## Task to carry out
Below is a listing to repeat exactly, with its pictures left out.

## Provided material

============================================================

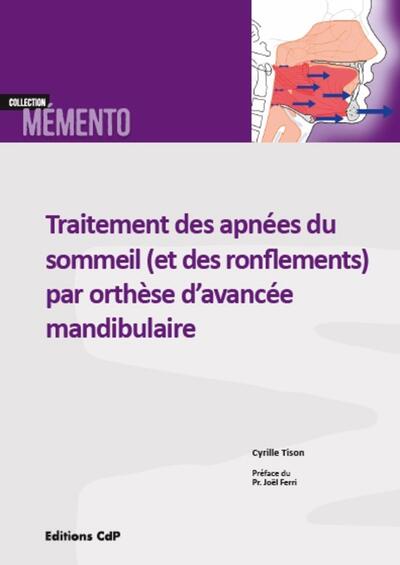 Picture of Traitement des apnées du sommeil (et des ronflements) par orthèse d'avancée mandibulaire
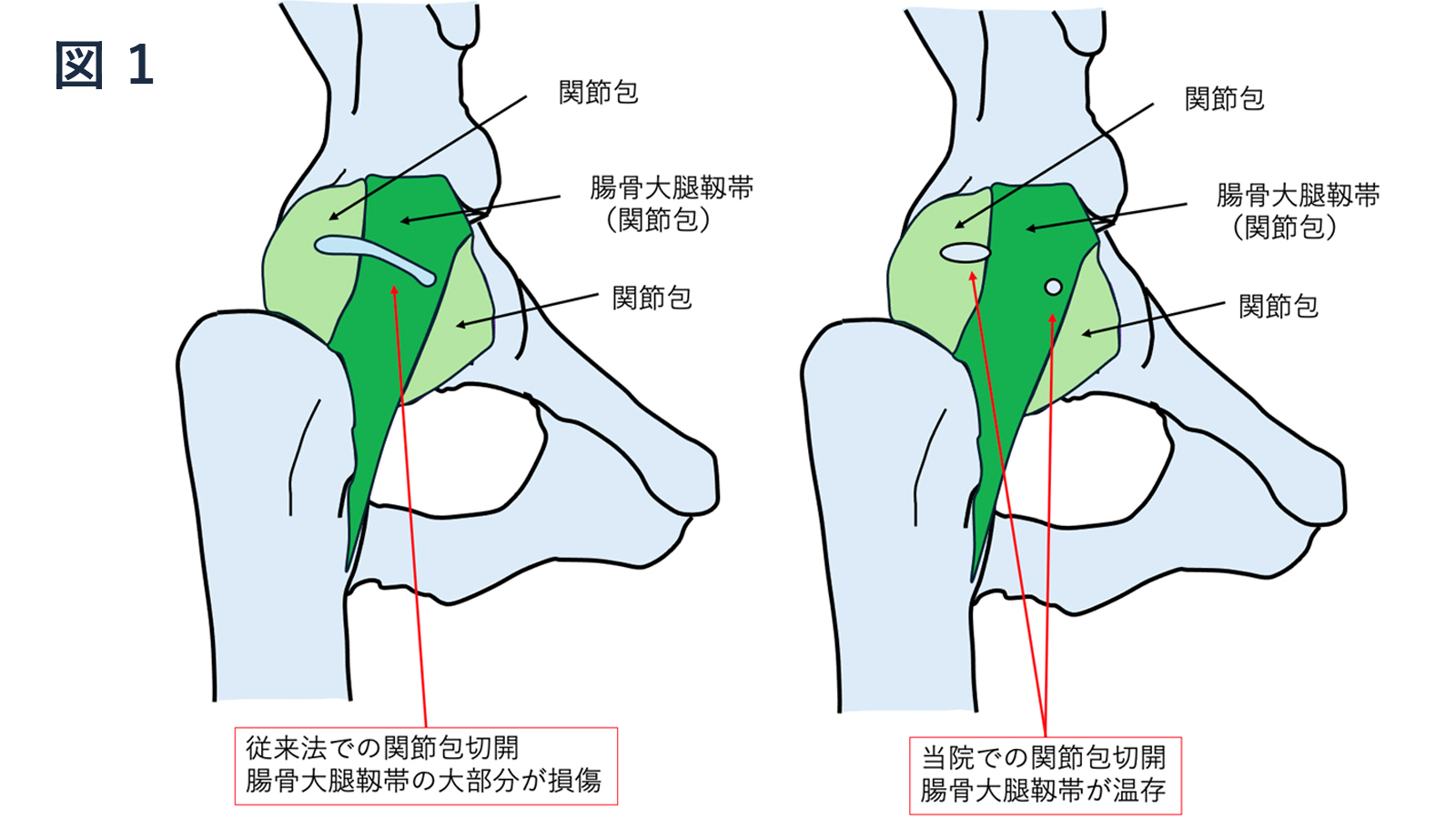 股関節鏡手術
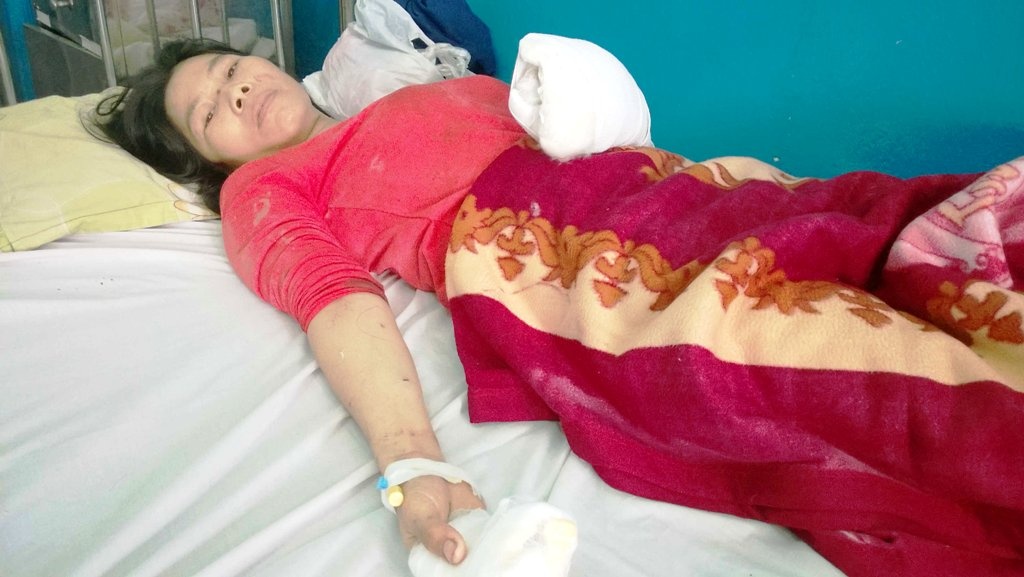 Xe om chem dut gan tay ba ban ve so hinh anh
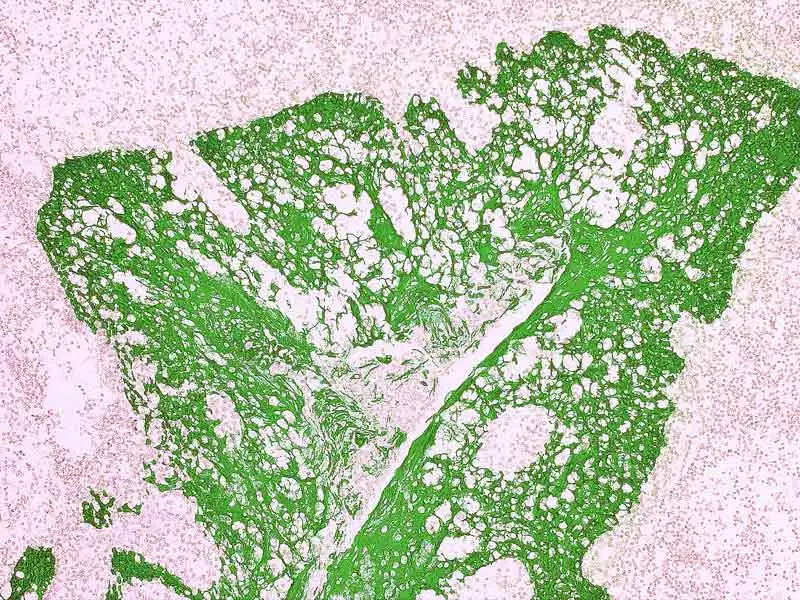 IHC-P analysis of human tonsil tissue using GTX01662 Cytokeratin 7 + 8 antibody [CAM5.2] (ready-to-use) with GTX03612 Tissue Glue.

============================================================

## Exercise output
 Picture of Traitement des apnées du sommeil (et des ronflements) par orthèse d'avancée mandibulaire
 股関節鏡手術
 Xe om chem dut gan tay ba ban ve so hinh anh
 IHC-P analysis of human tonsil tissue using GTX01662 Cytokeratin 7 + 8 antibody [CAM5.2] (ready-to-use) with GTX03612 Tissue Glue.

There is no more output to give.